# Moving my LR license to a new PC



## heatherb (May 8, 2009)

I'm going to be getting a new PC in the near future, so naturally, I'll be moving my LR to it. I know that LR comes with licensing for 2 computers--I've already got it loaded onto my laptop. Is there anything special that I need to do to make sure that everything's OK when I load LR onto the new PC or can I just simply uninstall LR on the current PC and reload it onto the new PC?

Thanks!
Heather


----------



## Brad Snyder (May 8, 2009)

Nothing special. Just have your Serial Number handy.  Each version is fully self-contained, you can download and install the current version 2.3 directly. No need to install your purchased version (if prior to 2.3) and then upgrade. 
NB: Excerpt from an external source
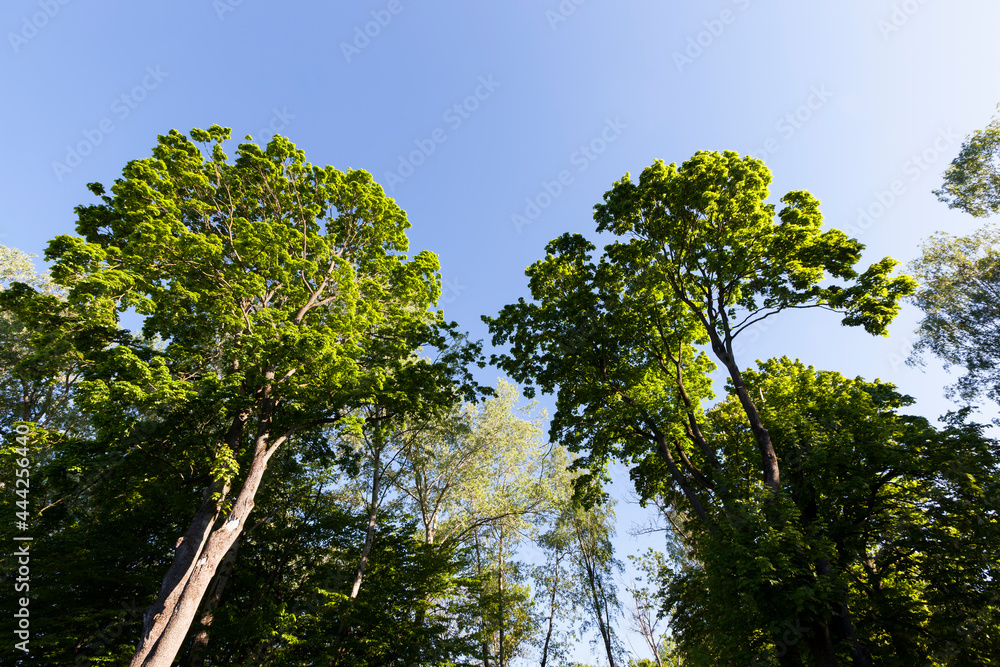 Wall mural foliage of the trees is illuminated by bright sunlight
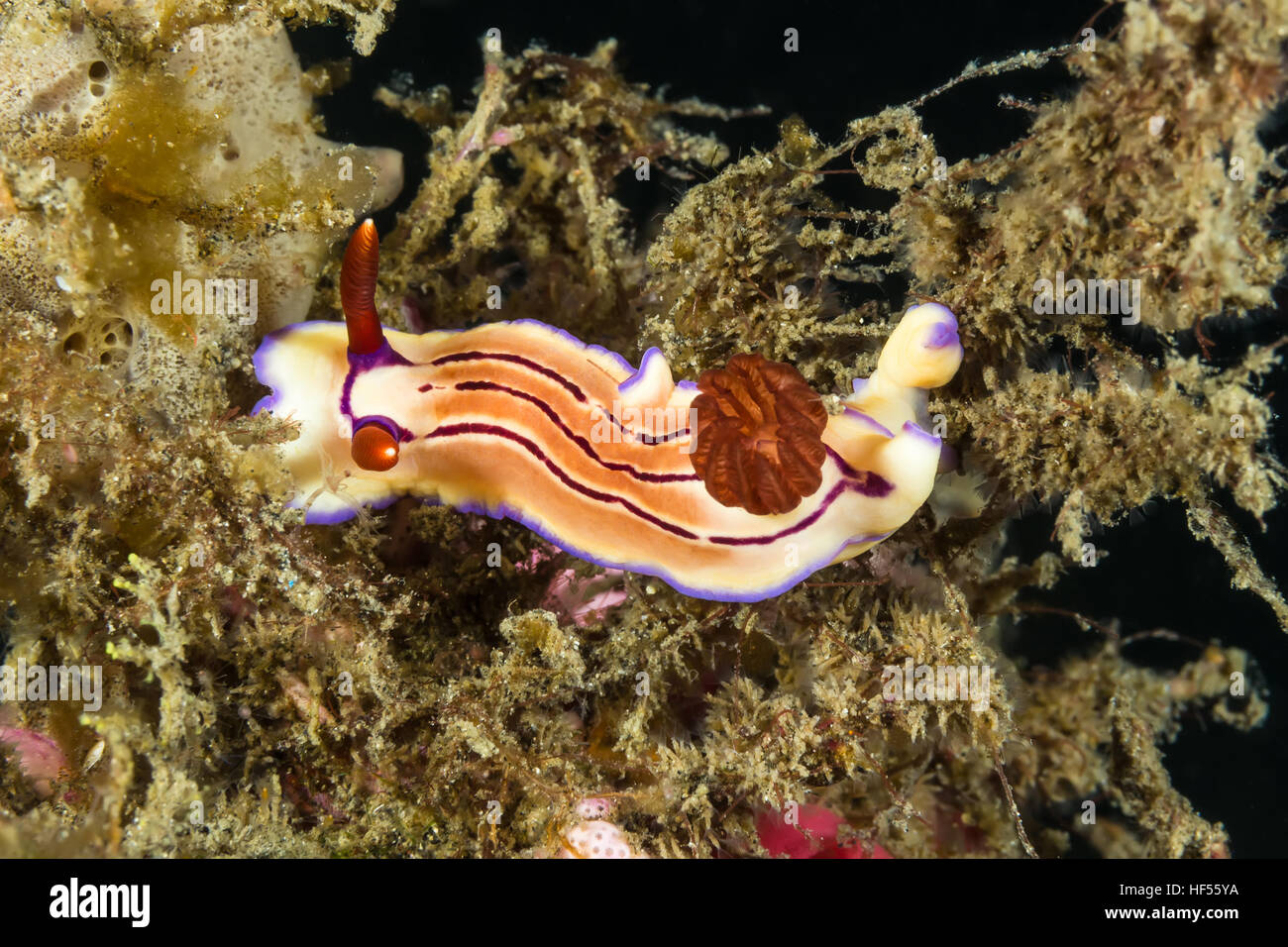 Underwater picture of  Chromodoris sp Nudibranch, Sea Slug Stock Photo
Only one potential gotcha that I'm aware of. If your V2.x license is an upgrade license, i.e., you owned V1.x and purchased the V2 upgrade, you will need both version S/Ns.

BTW, welcome to the Forums ....


----------



## Denis Pagé (May 8, 2009)

Just to make the information complete, if you keep the old computer, you can install on the new one also. If you trash the old computer or sell it, just remove Lightroom from it to free up a licence still having a second one for when you will use two but never at once...


----------



## Faldrax (Aug 31, 2010)

I am in a similar position.
I have LR 3 on my desktop and laptop, and will be replacing the desktop.
While in the process of migrating from the old PC to the new PC, I would like the ability to run LR on both PC's.
My thought is to install LR as a trial on the new PC, which would then give me 3' days to complete and verify the migration. 
Before the 3' days trial expires, I would then install the copy on the old PC, and apply the licence to the new PC.
Just wanted to check this would work and is the best solution.


----------



## clee01l (Aug 31, 2010)

[quote author=Faldrax link=topic=6423.msg73318#msg73318 date=1283257857]...Just wanted to check this would work and is the best solution.
[/quote]Seems to be the plan. I would strongly recommend using Windows Easy Transfer (WET) on both the old PC and the new PC to mak the transfer painless. (BTW WET is included with Vista and Win7. It is a free D/L for XP.)


----------